178 U.S. 402

20 S.Ct. 972

44 L.Ed. 1124


No. 277.

Argued and Submitted April 27, 1900.

Decided May 28, 1900.

This action was brought in the district court of the second judicial district of the state of Minnesota upon a life insurance policy for $20,000, issued by defendant in error to William Banholzer, husband of the plaintiff in error, dated the 16th of September, 1895, payable upon the death of Banholzer to plaintiff in error, or to Banholzer himself on the 16th of September, 1915, if he should be living then.

The premiums were to be paid annually in advance on the 16th day of September of every year, until twenty full years' premiums should be paid.

The first premium was paid, which continued the policy in force until the 16th of September, 1896.

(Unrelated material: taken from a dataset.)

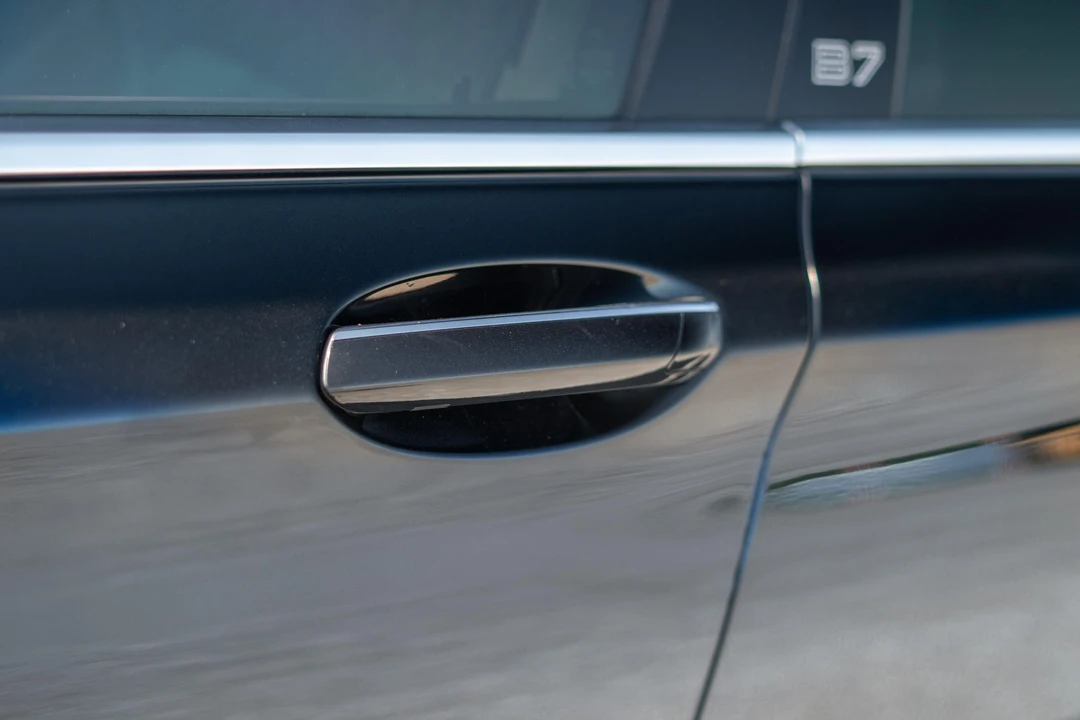 2017 BMW Alpina B7 - Image 15 of 31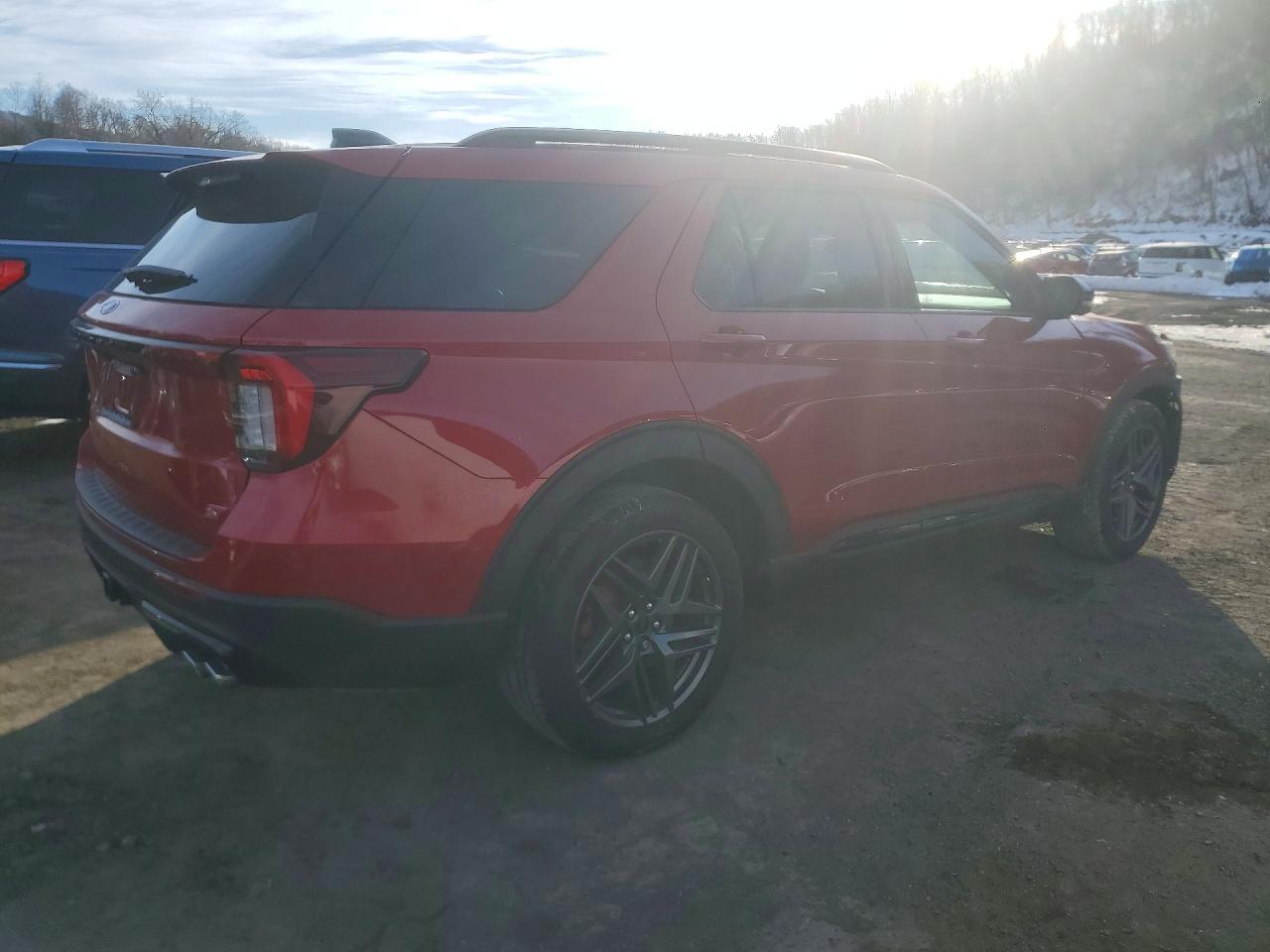 2025 Ford Explorer st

The policy contained the following provisions:

'If any premium is not paid on or before the day when due, this policy shall become void, and all payments previously made shall remain the property of the company, except as hereinafter provided.

'A grace of one month will be allowed in payment of subsequent premiums after this policy shall have been in force three months, subject to an interest charge at the rate of 5 per cent per annum for the number of days during which the premium remains due and unpaid. During the month of grace this policy remains in force, the unpaid premium, with interest, as above, remains an indebtedness to the company, which will be deducted from the amount payable under this policy if the death of the insured shall occur during the month.' On the 6th day of October, 1896, Banholzer paid the defendant the sum of $286 in cash, and executed and delivered to the defendant the following note:

St. Paul, Minn., 9-16, 1896.

Without grace, six months after date, I promise to pay to the order of the New York Life Insurance Company, eight hundred and sixty dollars, at Second National Bank, St. Paul, Minn. Value received, with interest at the rate of 5 per cent per nn um.

This note is given in part payment of the premium due 9-16-'96, on the above policy, with the understanding that all claims to further insurance and all benefits whatever which full payment in cash of said premium would have secured, shall become immediately void and be forfeited to the New York Life Insurance Company, if this note is not paid at maturity, except as otherwise provided in the policy itself.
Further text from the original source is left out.